DATA TO PROCESS:
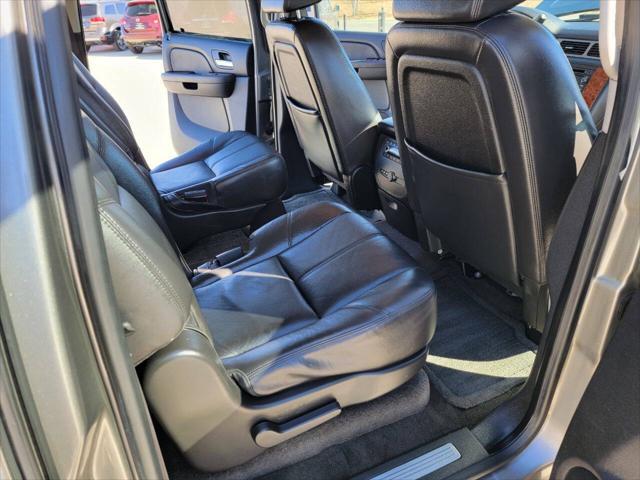 used 2008 Chevrolet Suburban car, priced at $13,333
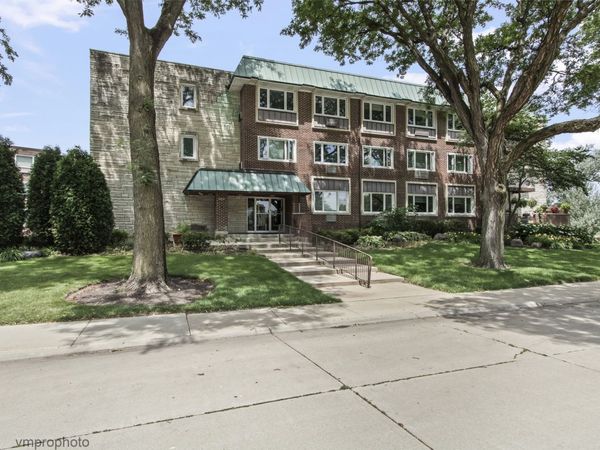 2812 E Bel Aire Drive , Unit 303, Arlington Heights, IL 60004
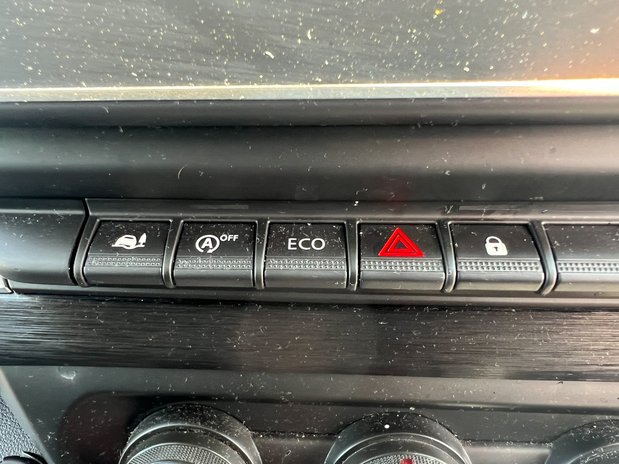 Renault Trafic Crew Cab (SOLD) SWB L1H1 Sport SL28 Air Con Alloys Sensors Tow Bar EURO 6 N 32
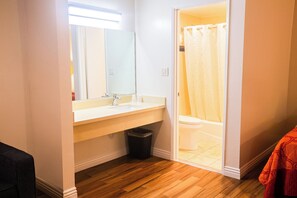 Grand Room, 2 Queen Beds, Non Smoking | Bathroom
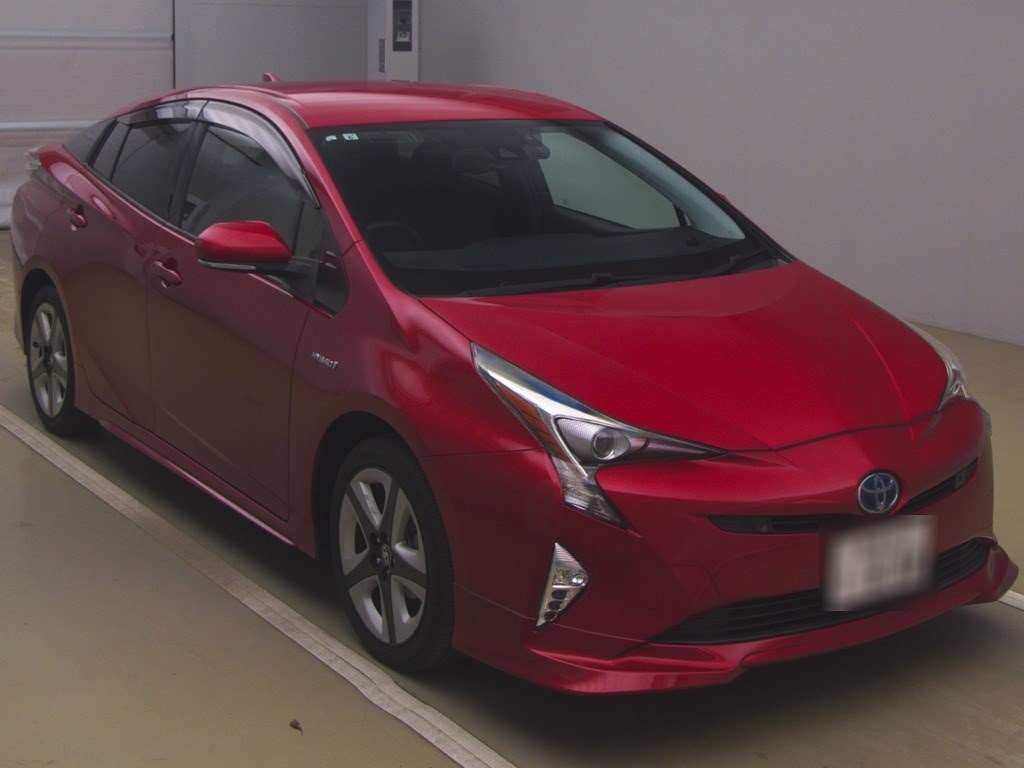 2017 Toyota Prius ZVW55[2]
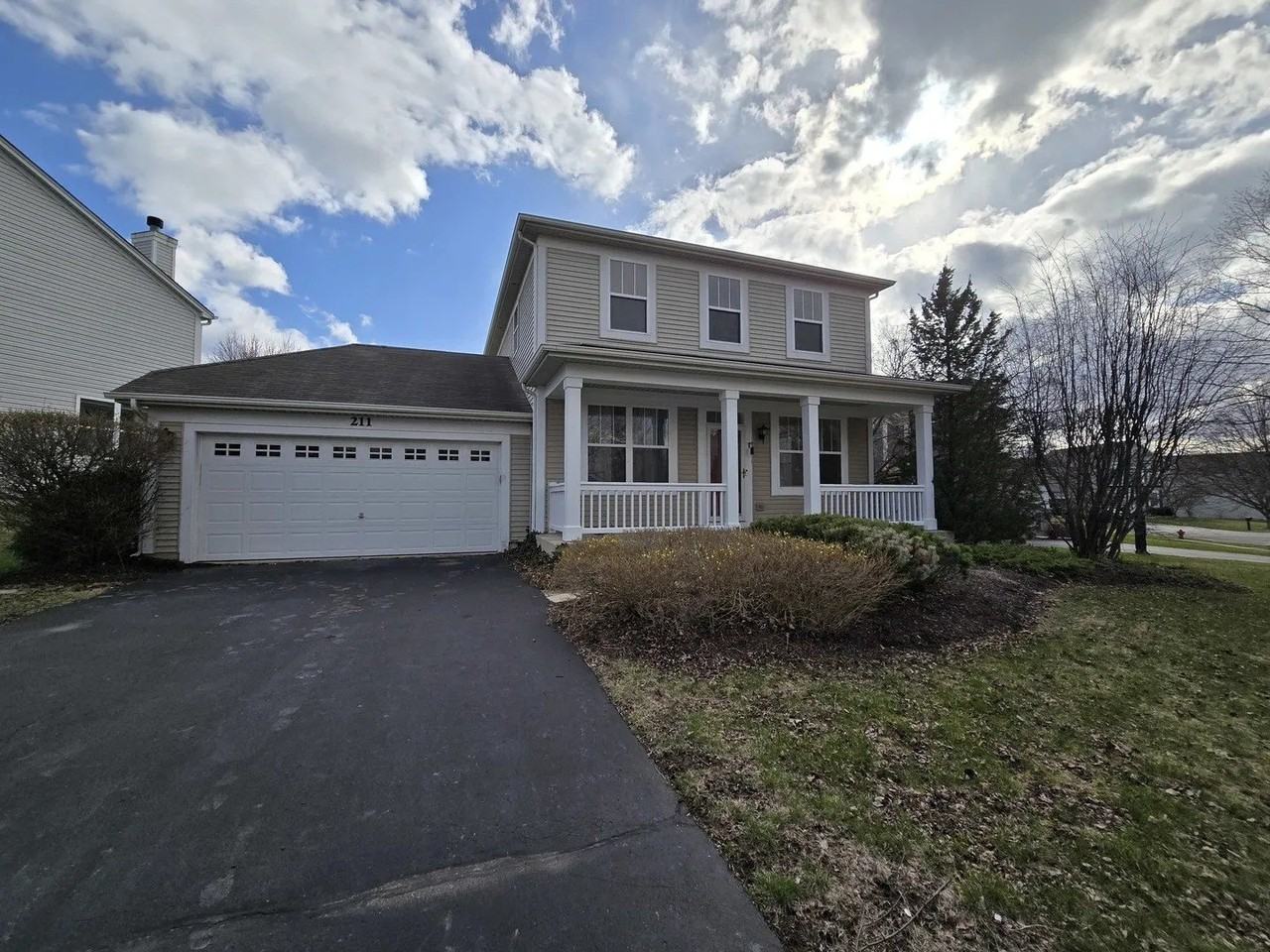 211 Valley View Dr - Photo 2 of 41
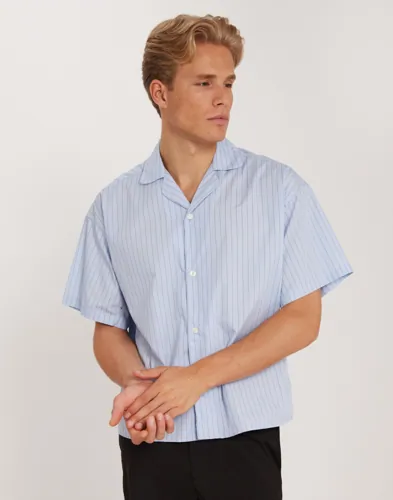 Blå
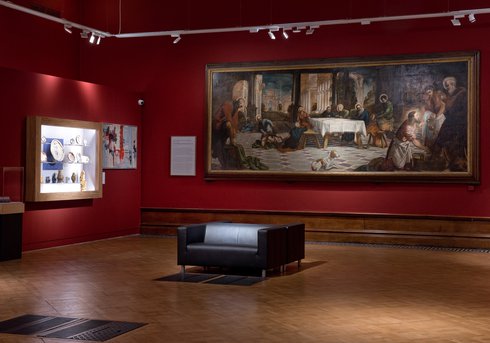 Tintoretto in situ in the gallery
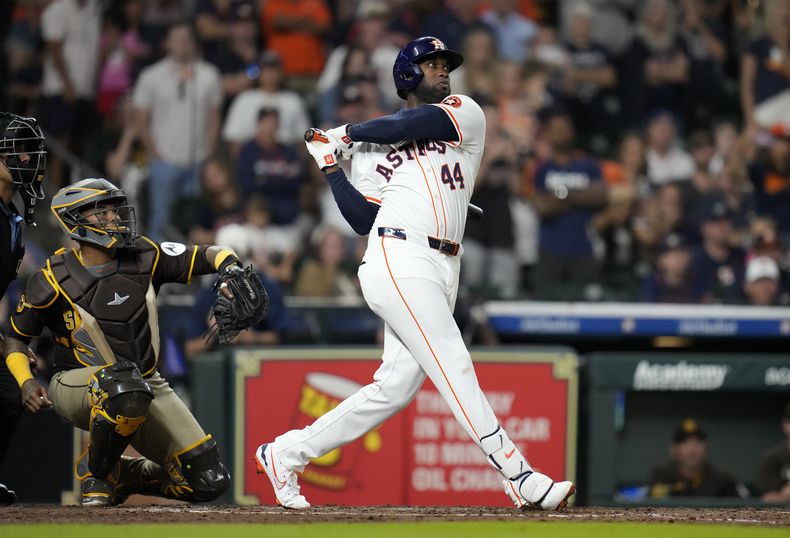 Yordan Alvarez (44), de los Astros de Houston, batea un elevado de sacrificio rumbo al jardín derecho frente a los Padres de San Diego, remolcando a Cam Smith durante la quinta entrada del juego de béisbol de Grandes Ligas el domingo 20 de abril de 2025, en Houston. (AP Foto/Karen Warren)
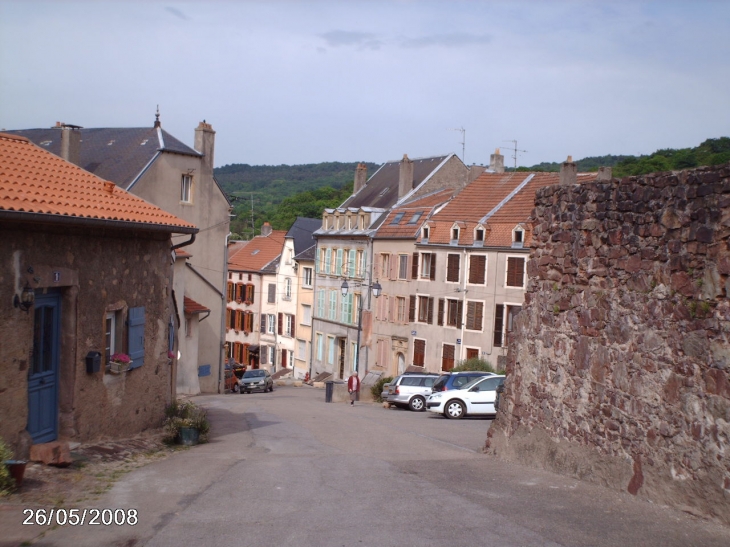 Rue allant vers le châteaux - Sierck-les-Bains
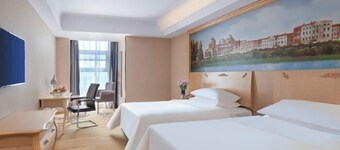 Vienna Hotel (Yixing High-speed Railway Station)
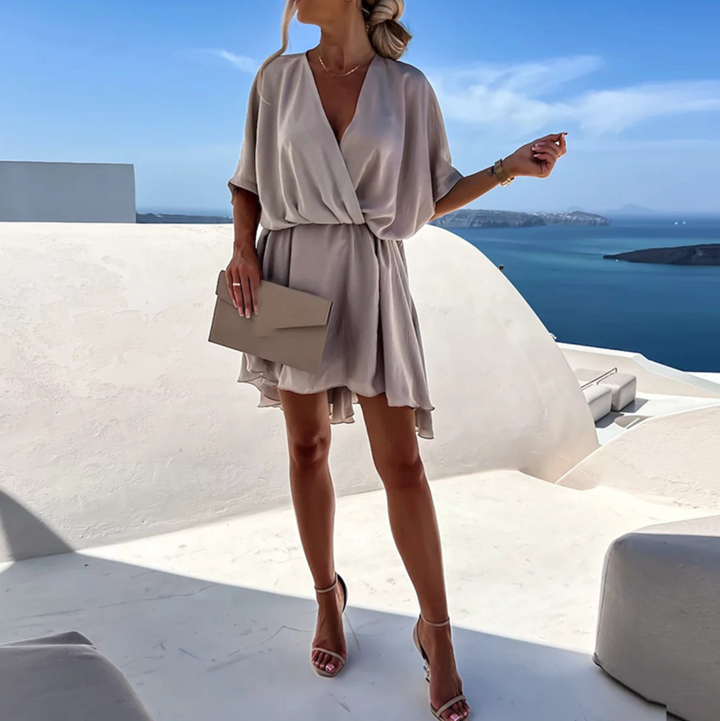 Robe rose élégante femme, stylisée avec des accessoires. Look chic et intemporel pour toutes.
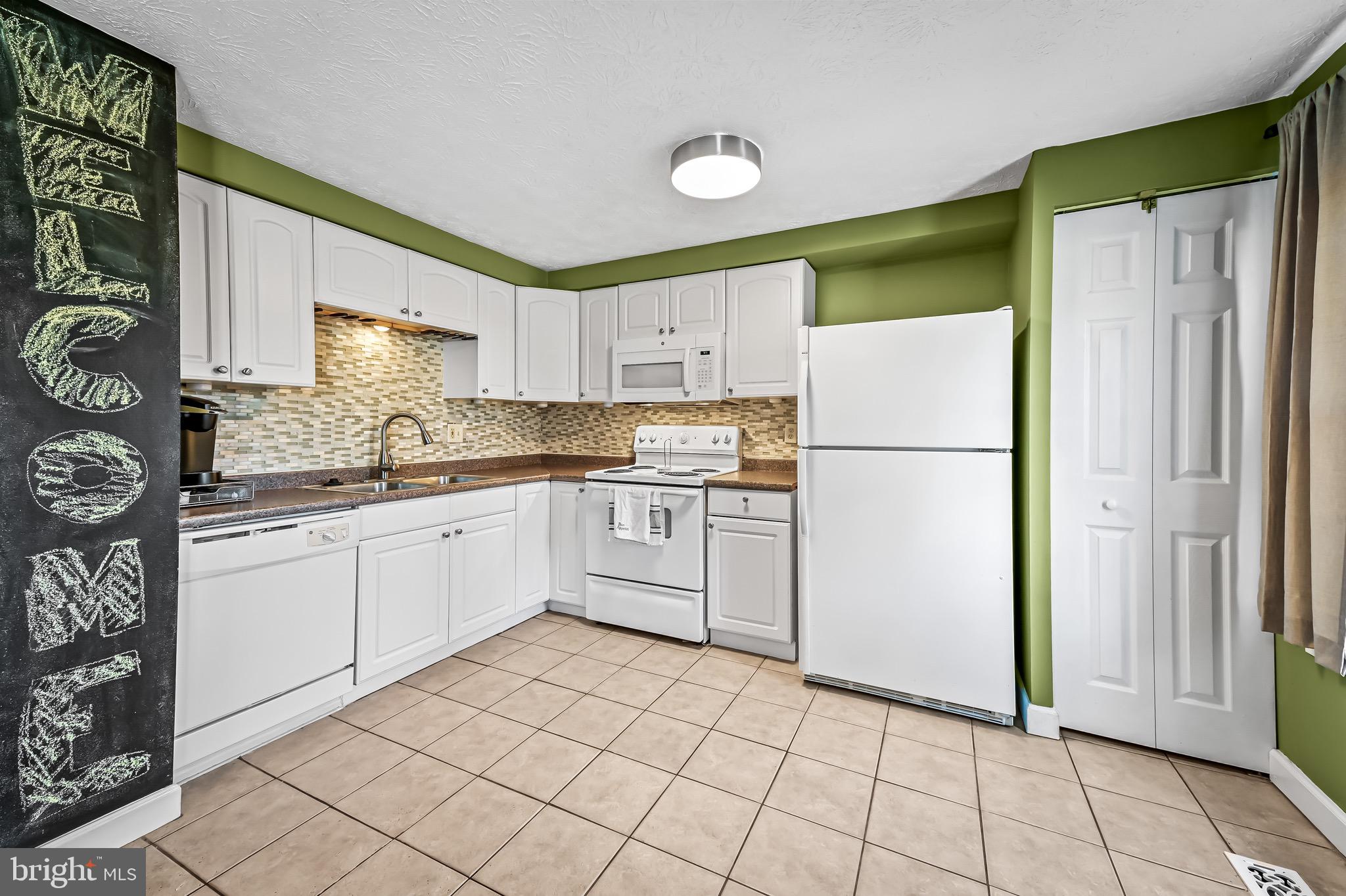 CASTLEMILL - Residential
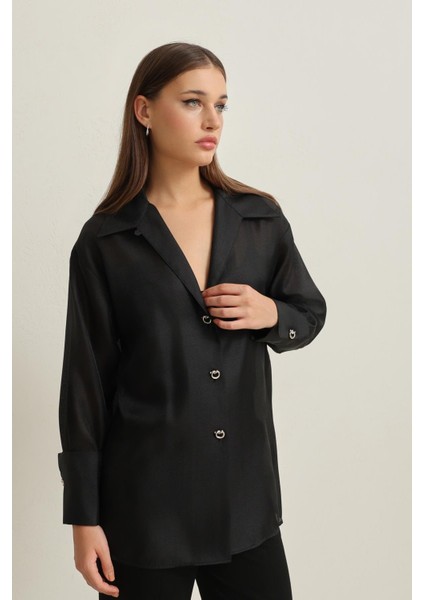 Siyah Ceket Yaka Dökümlü Gömlek indirimleri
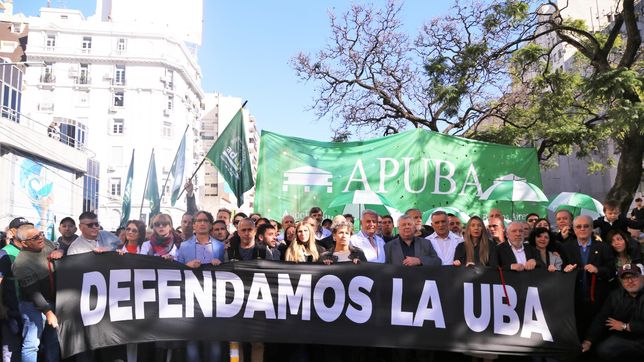 Universidades: los gremios se pintan la cara tras la paritaria fallida con el gobierno de Javier Milei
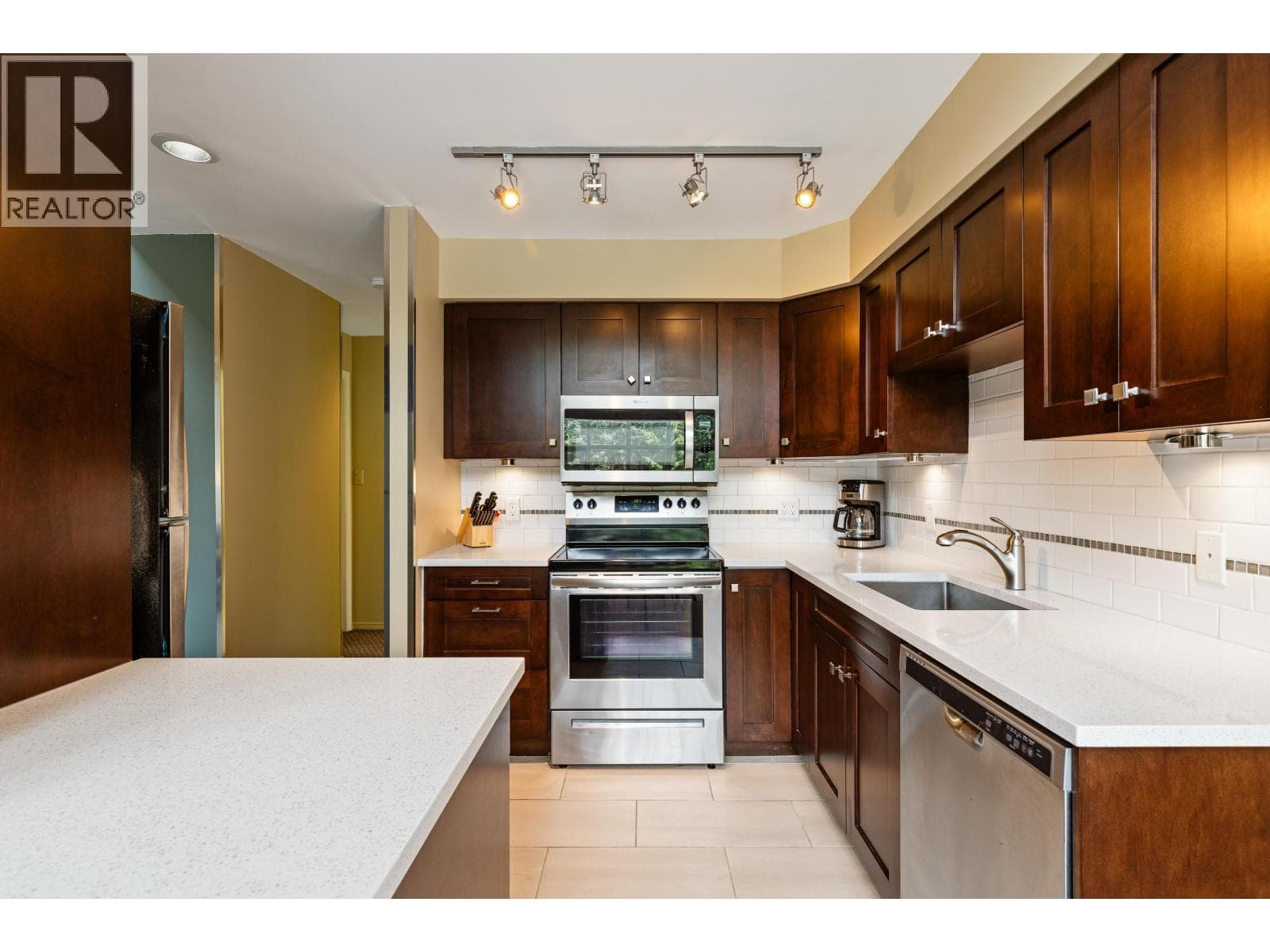 208 4865 PAINTED CLIFF ROAD, Greater Vancouver — photo 3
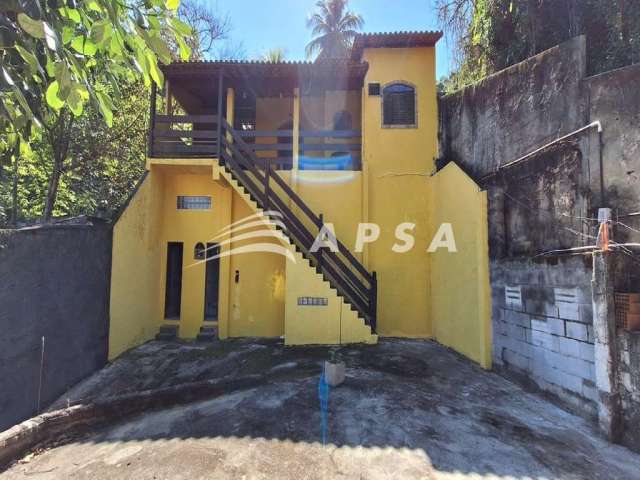 Excelente casa localizada na freguesia - jacarepaguá. com 140m², esta propriedade combina o charme d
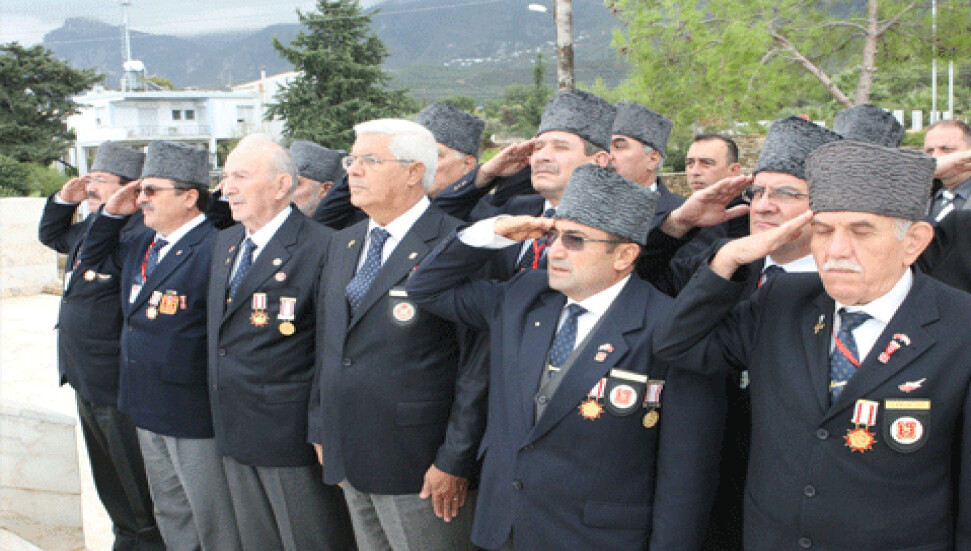 Kıbrıs Barış Harekatı Gazileri, Karaoğlanoğlu Şehitliği'ni ziyaret etti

TASK DIRECTIONS:
Begin with the line containing "Renault Trafic Crew", stop at the last line of the records above, and copy every line in between exactly, both ends included, with no pictures.

SOLUTION TO THIS TASK:
 Renault Trafic Crew Cab (SOLD) SWB L1H1 Sport SL28 Air Con Alloys Sensors Tow Bar EURO 6 N 32
 Grand Room, 2 Queen Beds, Non Smoking | Bathroom
 2017 Toyota Prius ZVW55[2]
 211 Valley View Dr - Photo 2 of 41
 Blå
 Tintoretto in situ in the gallery
 Yordan Alvarez (44), de los Astros de Houston, batea un elevado de sacrificio rumbo al jardín derecho frente a los Padres de San Diego, remolcando a Cam Smith durante la quinta entrada del juego de béisbol de Grandes Ligas el domingo 20 de abril de 2025, en Houston. (AP Foto/Karen Warren)
 Rue allant vers le châteaux - Sierck-les-Bains
 Vienna Hotel (Yixing High-speed Railway Station)
 Robe rose élégante femme, stylisée avec des accessoires. Look chic et intemporel pour toutes.
 CASTLEMILL - Residential
 Siyah Ceket Yaka Dökümlü Gömlek indirimleri
 Universidades: los gremios se pintan la cara tras la paritaria fallida con el gobierno de Javier Milei
 208 4865 PAINTED CLIFF ROAD, Greater Vancouver — photo 3
 Excelente casa localizada na freguesia - jacarepaguá. com 140m², esta propriedade combina o charme d
 Kıbrıs Barış Harekatı Gazileri, Karaoğlanoğlu Şehitliği'ni ziyaret etti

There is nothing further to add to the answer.